◆ **PROBLEM STATEMENT**
Only the pictures should be left out; repeat the rest of the data exactly.

◆ **SOURCE DATA**

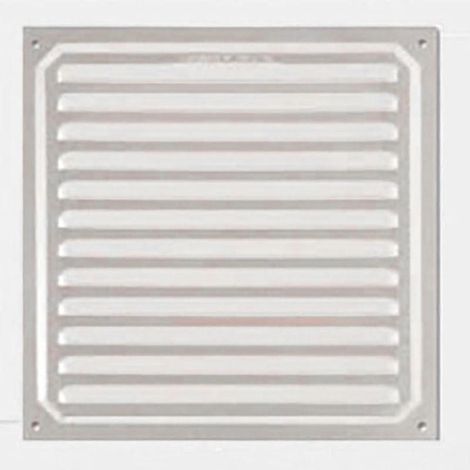 rejilla de ventilación. aluminio. ventilación / paso de aire - brinox medida rejilla 20x20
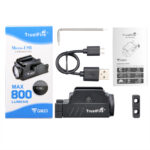 XP-L LED Compact Handgun Pistol Tactical Flashlight 800 Lumens Micro USB Charge - Image 13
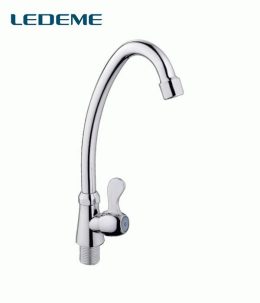 Смеситель LEDEME д/кухни на одну воду L4395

◆ **OUTPUT OF THE TASK**
 rejilla de ventilación. aluminio. ventilación / paso de aire - brinox medida rejilla 20x20
 XP-L LED Compact Handgun Pistol Tactical Flashlight 800 Lumens Micro USB Charge - Image 13
 Смеситель LEDEME д/кухни на одну воду L4395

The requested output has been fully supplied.